- Born: Ingeborg Regine Belling 23 December 1848 Bergen, Norway
- Died: 23 April 1927 (aged 78)
- Spouse: Abraham Christian Hjalmar Frithjof Hammer ​ ​(m. 1872)​

= Ingeborg Belling =

Norwegian actress (1848–1927)

Ingeborg Regine Belling (23 December 1848 – 23 April 1927) was a Norwegian actress.

== Personal life ==
Ingeborg Belling was born on 23 December 1848 in Bergen to master carpenter Carl Daniel Belling (1817–1889) and Serine "Siri" Andrine Torkildsdatter (c. 1828–1879). On 12 May 1872, she married actor Abraham Christian Hjalmar Frithjof Hammer in Christiania.

== Career ==
In spring 1870, Belling was a pupil of Danish theatre director Frederik Adolph Cetti in Bergen. Belling participated in several of Cetti's student productions.

From 1870 to 1872, Belling was an actor at Møllergaten's Norwegian Theatre under the direction of Bjørnstjerne Bjørnson. It was here she made her Christiania debut, and acted alongside her future husband. She made her debut in the lead and only role in Johan Ludvig Heiberg's vaudeville monologue Emilies Hjertebanken, which was successfully received. In Dagbladet, it was reported that "the biggest event of the evening, however, was Miss Belling in Emilie's Palpitations, a debutante of the first rank. The way in which she already knows how to fill this demanding little role, the joy, freshness, life that burst out of all the lines, brought the audience into the best mood, and with strong and general shouts of bravado she was evoked. Like all our talented actresses, she is a Bergen woman, and in her our stage has probably found an artist who wants to assert the reputation of her native town".

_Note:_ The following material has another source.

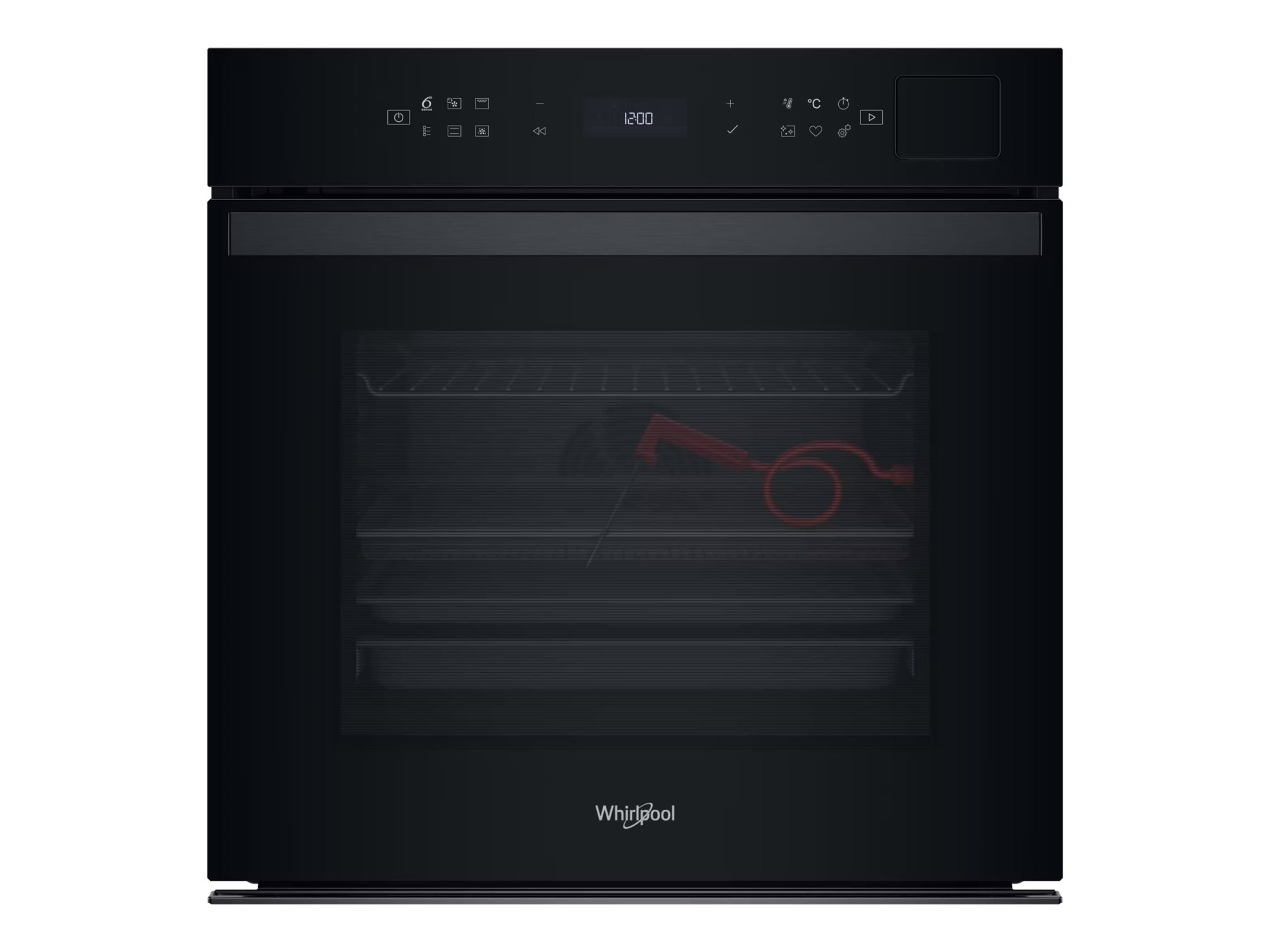 Whirlpool Oven | WOI6A8FPT1SBA | 73 L | Electric | Pyrolytic/Hydrolytic | Electronic | Steam function | Height 59.7 cm | Width 59.5 cm | Black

In autumn 1870, Belling accompanied Bjørnson and his troupe to Trondhjem, where they performed for three months. She then worked at the Christiania Theatre where she, like the other actors from Møllergaten troupe, was re-engaged. She returned to Bergen around 1879, where she was given several roles at the theatre, but her employment there ended in 1881.

== Death ==
Belling died on 23 April 1927, at the age of 78.